P.S. Setting aside the case where something about the lexemes makes comparing their classes to be less efficient, of course. That could affect parser efficiency, for sure.

I’m surprised about this hypothetic performance discussion :–)

It seems you already have an implementation. Did you actually measure to try to identify a bottleneck ? I can’t see that mentioned in your first message.

1 Like

ocamllex and sedlex (and any serious lexer generator) already do that. You can even do it with re. :slight_smile:

Lexing is really not the bottleneck in lexing+parsing. You can think about it that way: the more complicated the grammar you are trying the recognize, the slower it is. Lexing is trying to recognize regular grammars, which are the simplest and most heavily optimized class of grammar that is commonly analyzed. Parsing afterwards is trying to recognize something more complicated, and is often slower by several orders of magnitude.

Also, I would be (pleasantly) surprised if camlp5 stream parsers were not horribly slow compared to menhir, or any other parser generator.

Heh indeed. I have an implementation using sedlex and Camlp5 “extensible grammars” (which are interpreted). I would guess there is inefficiency in sedlex as compared with ocamllex, but don’t really know. For sure Camlp5 extensible grammars are less efficient than Camlp5 stream parsers, and I’m not going to be surprised of those are less efficient than menhir. I would call this implementation a “reference parser”, designed for ensuring that I have something perspicuous to go along with the specification.

So it’s fair to say that I’m asking these questions, in preparation for starting to write efficient implementations.

P.S. Though, I got sidetracked into implementing a “jq” interpreter. That’s a fascinating language ( GitHub - stedolan/jq: Command-line JSON processor ): it’s a functional language for manipulating JSON objects, whose critical datatype is lazy lists. The guy who did it wrote it all in C, generating bytecode. Very impressive bit of work there. I’m just writing an interpreter in OCaml, which is … a whole lot less, ha. After I’m done, I’m going to write a compiler, b/c “why not? It’s not much more work!”
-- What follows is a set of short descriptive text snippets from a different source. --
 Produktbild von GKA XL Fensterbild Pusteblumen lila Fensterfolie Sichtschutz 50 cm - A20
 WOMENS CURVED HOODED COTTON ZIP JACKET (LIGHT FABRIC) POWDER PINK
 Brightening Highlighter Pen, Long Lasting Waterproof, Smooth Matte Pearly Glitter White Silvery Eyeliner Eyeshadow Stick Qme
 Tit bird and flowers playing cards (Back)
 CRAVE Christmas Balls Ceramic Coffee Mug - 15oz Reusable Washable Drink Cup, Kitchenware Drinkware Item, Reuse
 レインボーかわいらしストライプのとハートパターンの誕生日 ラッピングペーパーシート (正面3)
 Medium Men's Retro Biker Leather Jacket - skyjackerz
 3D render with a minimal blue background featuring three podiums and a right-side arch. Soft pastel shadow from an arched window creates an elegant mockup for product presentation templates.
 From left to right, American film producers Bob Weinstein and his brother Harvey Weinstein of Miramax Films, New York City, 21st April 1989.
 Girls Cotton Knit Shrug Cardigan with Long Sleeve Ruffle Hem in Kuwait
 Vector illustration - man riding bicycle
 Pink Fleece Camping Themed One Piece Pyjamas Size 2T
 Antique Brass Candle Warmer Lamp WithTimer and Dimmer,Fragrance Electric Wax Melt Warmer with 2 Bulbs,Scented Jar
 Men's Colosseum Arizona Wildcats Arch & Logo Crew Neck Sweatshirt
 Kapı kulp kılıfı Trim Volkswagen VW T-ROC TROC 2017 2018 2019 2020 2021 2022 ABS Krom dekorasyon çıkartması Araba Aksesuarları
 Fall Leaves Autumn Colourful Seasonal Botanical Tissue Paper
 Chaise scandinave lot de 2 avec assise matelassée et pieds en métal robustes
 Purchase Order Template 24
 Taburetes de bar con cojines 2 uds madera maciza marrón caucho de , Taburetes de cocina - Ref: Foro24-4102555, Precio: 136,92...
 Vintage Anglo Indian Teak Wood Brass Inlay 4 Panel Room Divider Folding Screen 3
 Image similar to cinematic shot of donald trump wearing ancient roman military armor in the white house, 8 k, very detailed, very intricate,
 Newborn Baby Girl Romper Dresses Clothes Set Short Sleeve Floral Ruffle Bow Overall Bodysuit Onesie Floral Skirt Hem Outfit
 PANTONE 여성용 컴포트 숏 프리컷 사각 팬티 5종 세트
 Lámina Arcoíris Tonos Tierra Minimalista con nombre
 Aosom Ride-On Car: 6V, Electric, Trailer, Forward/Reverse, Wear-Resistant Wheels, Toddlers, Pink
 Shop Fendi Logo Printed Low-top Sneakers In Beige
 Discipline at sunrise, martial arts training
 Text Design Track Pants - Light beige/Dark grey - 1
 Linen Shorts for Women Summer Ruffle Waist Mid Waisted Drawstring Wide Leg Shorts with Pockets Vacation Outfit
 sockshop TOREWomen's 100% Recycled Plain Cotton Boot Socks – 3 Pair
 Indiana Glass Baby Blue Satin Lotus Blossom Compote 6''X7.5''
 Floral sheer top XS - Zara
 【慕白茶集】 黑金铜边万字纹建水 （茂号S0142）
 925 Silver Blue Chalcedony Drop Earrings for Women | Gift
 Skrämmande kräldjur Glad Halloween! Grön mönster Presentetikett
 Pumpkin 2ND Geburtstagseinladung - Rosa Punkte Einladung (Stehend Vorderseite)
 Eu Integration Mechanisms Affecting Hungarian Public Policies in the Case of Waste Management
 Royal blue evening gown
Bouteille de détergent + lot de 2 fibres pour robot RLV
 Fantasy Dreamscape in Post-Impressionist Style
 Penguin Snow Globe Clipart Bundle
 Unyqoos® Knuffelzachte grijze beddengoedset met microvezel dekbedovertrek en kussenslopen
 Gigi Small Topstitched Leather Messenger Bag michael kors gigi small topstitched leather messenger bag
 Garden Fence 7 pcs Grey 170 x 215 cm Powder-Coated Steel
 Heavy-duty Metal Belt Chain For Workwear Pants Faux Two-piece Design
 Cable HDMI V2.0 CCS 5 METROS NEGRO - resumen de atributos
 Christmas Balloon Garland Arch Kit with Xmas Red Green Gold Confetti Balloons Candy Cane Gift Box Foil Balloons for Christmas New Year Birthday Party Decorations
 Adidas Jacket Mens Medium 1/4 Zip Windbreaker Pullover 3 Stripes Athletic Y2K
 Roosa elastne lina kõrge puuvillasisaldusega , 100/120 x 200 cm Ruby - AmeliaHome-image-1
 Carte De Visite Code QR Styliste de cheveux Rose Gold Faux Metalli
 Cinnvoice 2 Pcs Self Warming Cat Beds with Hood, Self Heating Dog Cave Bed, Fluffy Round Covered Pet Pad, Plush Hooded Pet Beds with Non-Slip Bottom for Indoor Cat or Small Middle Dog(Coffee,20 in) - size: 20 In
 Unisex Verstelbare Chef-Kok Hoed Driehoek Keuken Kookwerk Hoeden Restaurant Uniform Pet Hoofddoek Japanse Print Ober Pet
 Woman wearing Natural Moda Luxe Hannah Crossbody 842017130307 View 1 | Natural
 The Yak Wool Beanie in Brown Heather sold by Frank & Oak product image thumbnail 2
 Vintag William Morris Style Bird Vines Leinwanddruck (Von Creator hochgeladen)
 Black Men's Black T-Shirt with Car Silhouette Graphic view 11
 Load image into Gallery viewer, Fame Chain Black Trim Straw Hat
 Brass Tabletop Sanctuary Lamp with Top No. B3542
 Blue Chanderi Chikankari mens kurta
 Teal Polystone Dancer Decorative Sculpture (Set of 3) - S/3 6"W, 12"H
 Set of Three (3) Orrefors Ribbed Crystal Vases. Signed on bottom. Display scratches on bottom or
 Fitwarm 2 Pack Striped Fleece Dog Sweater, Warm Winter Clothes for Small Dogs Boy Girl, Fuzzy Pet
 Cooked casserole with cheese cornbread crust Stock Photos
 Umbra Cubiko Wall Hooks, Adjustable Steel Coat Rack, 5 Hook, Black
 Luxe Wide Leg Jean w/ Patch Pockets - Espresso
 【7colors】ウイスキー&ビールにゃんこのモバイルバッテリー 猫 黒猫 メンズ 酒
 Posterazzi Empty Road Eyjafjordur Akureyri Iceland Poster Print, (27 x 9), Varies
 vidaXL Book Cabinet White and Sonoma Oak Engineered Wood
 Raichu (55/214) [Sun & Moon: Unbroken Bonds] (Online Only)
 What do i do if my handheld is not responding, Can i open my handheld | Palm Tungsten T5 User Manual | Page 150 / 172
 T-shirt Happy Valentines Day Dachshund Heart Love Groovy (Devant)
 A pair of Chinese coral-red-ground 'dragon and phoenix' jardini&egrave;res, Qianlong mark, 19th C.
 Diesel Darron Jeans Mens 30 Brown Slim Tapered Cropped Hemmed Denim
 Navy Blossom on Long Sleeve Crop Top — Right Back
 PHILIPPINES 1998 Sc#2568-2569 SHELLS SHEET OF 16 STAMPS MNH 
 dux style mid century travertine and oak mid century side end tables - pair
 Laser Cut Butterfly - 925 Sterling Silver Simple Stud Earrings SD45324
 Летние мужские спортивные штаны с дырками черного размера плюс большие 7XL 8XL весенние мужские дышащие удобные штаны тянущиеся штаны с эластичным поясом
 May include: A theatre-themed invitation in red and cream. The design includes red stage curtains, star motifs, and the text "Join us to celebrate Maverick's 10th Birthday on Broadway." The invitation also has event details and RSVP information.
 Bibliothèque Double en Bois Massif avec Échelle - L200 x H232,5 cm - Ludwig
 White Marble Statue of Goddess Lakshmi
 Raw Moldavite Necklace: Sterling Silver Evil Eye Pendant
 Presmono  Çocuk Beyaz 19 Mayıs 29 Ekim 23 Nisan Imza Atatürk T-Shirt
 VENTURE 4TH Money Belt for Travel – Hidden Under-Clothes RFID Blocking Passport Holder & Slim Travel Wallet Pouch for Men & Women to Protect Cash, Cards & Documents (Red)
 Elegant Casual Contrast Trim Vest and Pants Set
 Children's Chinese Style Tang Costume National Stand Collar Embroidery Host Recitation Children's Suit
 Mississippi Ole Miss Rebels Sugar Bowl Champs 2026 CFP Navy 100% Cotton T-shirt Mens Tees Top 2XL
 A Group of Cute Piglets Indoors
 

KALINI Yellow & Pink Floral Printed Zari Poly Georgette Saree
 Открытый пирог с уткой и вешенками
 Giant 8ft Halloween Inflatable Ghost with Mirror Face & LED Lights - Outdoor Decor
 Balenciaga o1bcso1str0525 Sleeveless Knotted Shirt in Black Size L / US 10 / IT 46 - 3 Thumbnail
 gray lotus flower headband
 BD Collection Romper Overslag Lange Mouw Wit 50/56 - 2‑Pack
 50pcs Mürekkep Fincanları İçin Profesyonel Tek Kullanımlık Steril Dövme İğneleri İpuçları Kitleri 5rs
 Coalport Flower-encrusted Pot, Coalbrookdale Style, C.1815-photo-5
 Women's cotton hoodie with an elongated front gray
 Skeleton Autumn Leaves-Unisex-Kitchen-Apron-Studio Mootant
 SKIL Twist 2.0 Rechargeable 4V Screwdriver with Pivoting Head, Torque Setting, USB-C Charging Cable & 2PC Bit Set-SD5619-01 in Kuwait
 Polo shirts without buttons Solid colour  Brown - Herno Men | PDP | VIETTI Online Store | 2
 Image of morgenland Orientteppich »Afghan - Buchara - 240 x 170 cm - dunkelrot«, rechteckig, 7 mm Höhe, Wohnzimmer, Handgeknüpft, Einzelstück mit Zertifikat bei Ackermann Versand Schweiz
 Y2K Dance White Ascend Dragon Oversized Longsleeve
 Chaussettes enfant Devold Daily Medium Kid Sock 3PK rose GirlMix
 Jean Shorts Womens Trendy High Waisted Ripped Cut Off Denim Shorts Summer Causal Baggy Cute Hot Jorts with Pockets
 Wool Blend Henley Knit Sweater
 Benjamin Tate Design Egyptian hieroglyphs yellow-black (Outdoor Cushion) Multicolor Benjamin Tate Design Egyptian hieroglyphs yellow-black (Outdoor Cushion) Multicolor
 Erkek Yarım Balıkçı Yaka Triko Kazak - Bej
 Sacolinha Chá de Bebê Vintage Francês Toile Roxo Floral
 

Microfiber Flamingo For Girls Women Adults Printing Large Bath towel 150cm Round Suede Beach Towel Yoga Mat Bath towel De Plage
I think you can address your admiration to @stedolan personally. :slight_smile:

I do not really know (yet ?) whether performance studies exists for parser generators. I am aware of this paper from the 90s and that is pretty much all : http://webhome.cs.uvic.ca/~nigelh/Publications/fastparse.pdf

However, menhir already has benchmarks, and yes, we perform the lexing first, put all the lexemes in an array, and create a fake lexer that just accesses the array. I am not really sure how not doing that would impact performance, but I could check quite easily.

I was about to suggest that instead of your doing that experiment, I would go do it myself. B/c hey, good practice! But grepping around in the menhir repo, I don’t find anything that looks like a benchmark.

If you could point me at the code and how to run it, I’d be happy to give a try at doing what you described. Or, at some point I’ll write a Menhir parser (have an ocamllex lexer) and I’ll be able to do the experiment myself.

The makefile rule to build the benchmark is “make speed”. I am not sure whether this is present in master, but it is for sure in the branch “new-code-backend-experiments”. The code is in “tests/dynamic/speed” and “tests/dynamic/speed_houblix” (the first one is a benchmark on integer arithmetic expression, the second one on a more complex ML-ish langage).